Patients with coronary heart disease need to pay attention to when exercising: exercise appropriately.

Slow walking, fast walking, jogging, fast running and so on, all need to be determined according to the severity of the disease or not, the condition is less severe when there are no adverse symptoms after the exercise, just panting a little sharper, not stuffy, no pain, then it shows that the exercise method is correct, you can be in the intensity of this kind of exercise on the appropriate enhancement of some.

The symptoms of chest tightness, shortness of breath and the occurrence of chest pain after a heavier workout must be stopped in time, indicating that the workout is in the wrong way, and if it continues it will seriously affect the function of the heart, increase the load on the heart, and it will damage the heart.

If a patient can have a sudden onset of the condition without exercising, then exercise must be strictly prohibited because if the symptoms are not controlled after exercise, then serious adverse events can occur.

Patients with heart disease should avoid too high-intensity exercise, firstly, over-exertion will affect the function of the heart, which is not conducive to the control of the disease, and secondly, high-intensity exercise may lead to aggravation of symptoms.

Patients with heart disease pay attention to the exercise, bring first aid drugs, to avoid the sudden onset of symptoms, patients with serious conditions try to exercise accompanied by family members, once there is an uncomfortable reaction to timely use of medication first aid, but also need to go to the hospital on a regular basis for medical checkups, tracking the condition of Ms. Jin's case is a warning, because the speed of development of the disease is unimaginable.

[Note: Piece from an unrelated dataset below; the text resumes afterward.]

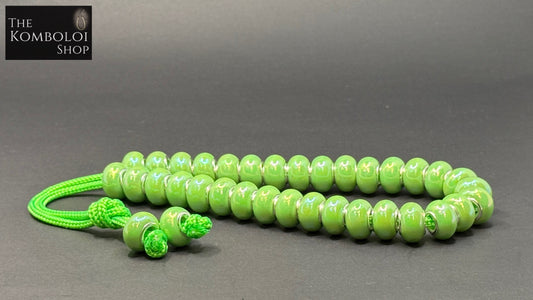 Brass Core Resin 33 Bead Komboloi / Worry Beads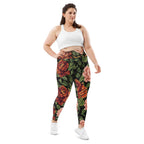 Pixel Floral Plus Size Leggings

I hope my answer helps you!

If there's anything you don't understand, comment and private message me!

Patients with coronary heart disease need exercise, which is professionally called cardiac rehabilitation.

What is Cardiac Rehabilitation? Cardiac Rehabilitation refers to the gradual strengthening of the heart and the ability of the coronary arteries to supply blood through moderate exercise.

How to determine the amount of exercise? The first step is to assess the heart's level of function. When a patient with coronary artery disease is stabilized in the cardiology department, he or she can go to the cardiac rehabilitation department to do an exercise plate test, which focuses on evaluating the maximum intensity of exercise that the patient's heart can currently accept.

After the assessment, the professional will formulate the appropriate exercise prescription based on the results of the assessment, that is, the frequency, intensity, and duration of each exercise.

Periodic evaluations are done afterward to determine heart function, and exercise prescriptions are changing based on the results.


You can exercise. It's called rehabilitation.